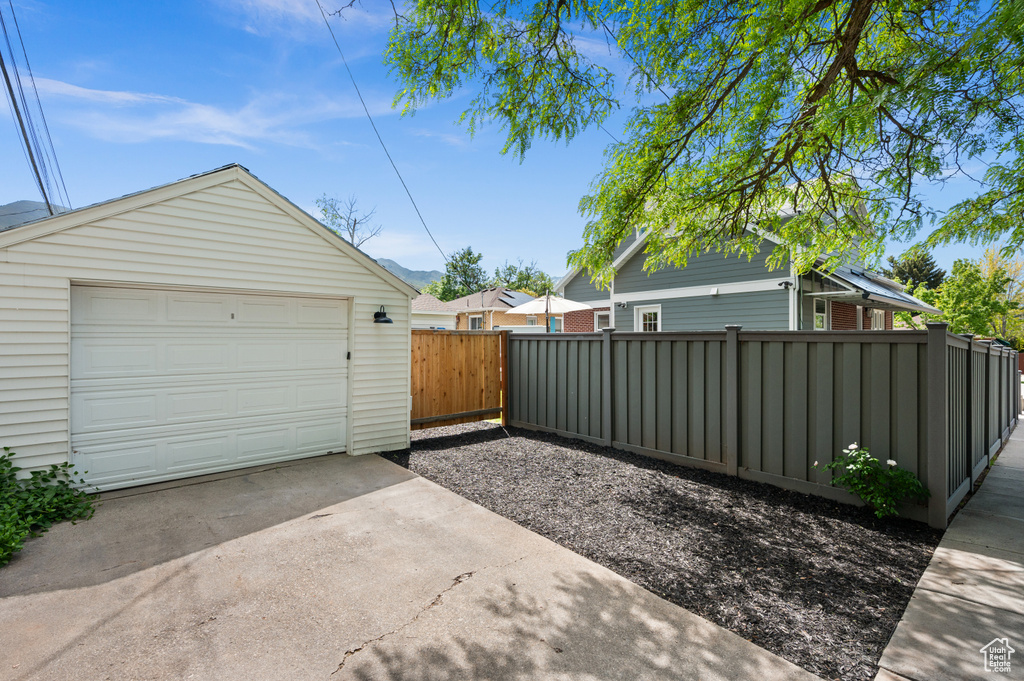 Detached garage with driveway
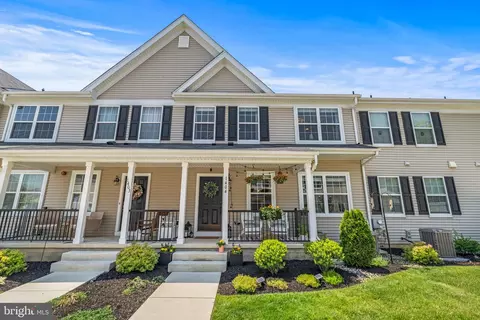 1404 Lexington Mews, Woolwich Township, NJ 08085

******

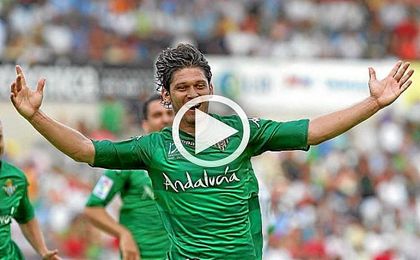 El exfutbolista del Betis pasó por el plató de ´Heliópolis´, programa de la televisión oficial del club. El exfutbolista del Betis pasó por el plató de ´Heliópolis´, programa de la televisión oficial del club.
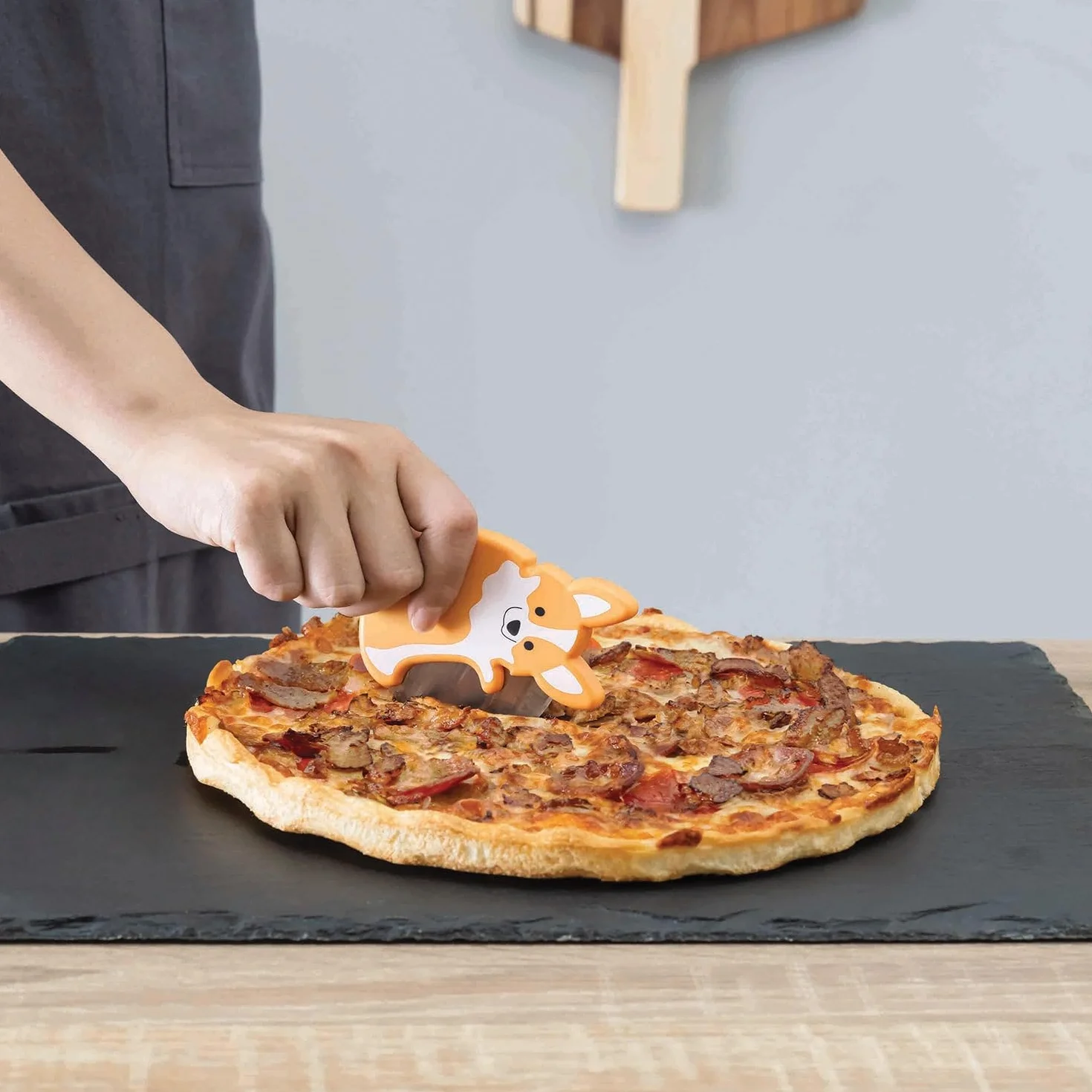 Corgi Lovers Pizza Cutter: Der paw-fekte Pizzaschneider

******

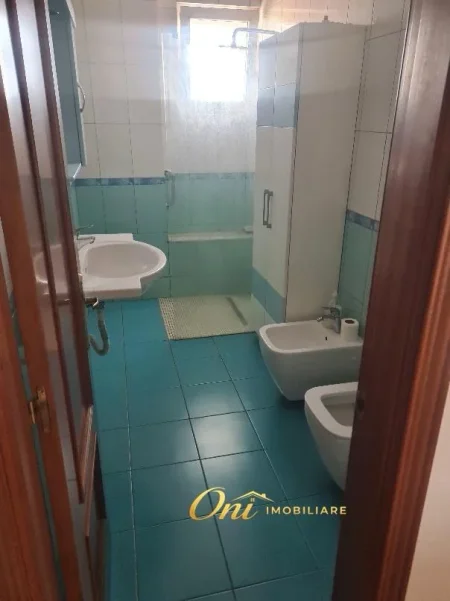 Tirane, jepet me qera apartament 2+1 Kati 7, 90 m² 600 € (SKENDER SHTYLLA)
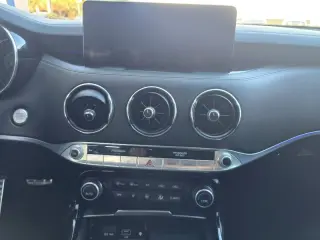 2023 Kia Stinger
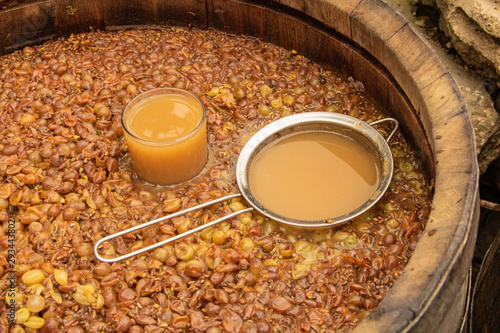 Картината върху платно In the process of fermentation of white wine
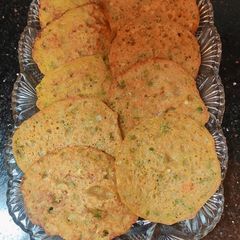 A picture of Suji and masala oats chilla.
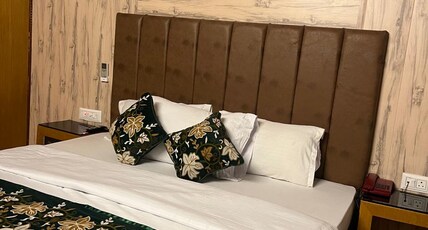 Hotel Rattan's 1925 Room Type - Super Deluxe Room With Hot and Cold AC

******

Task » Beginning with the line above that contains "Tirane, jepet me" and finishing with the line that contains "A picture of Suji and masala oats chilla.", print those lines exactly and only. Skip all pictures.

Result below »
 Tirane, jepet me qera apartament 2+1 Kati 7, 90 m² 600 € (SKENDER SHTYLLA)
 2023 Kia Stinger
 Картината върху платно In the process of fermentation of white wine
 A picture of Suji and masala oats chilla.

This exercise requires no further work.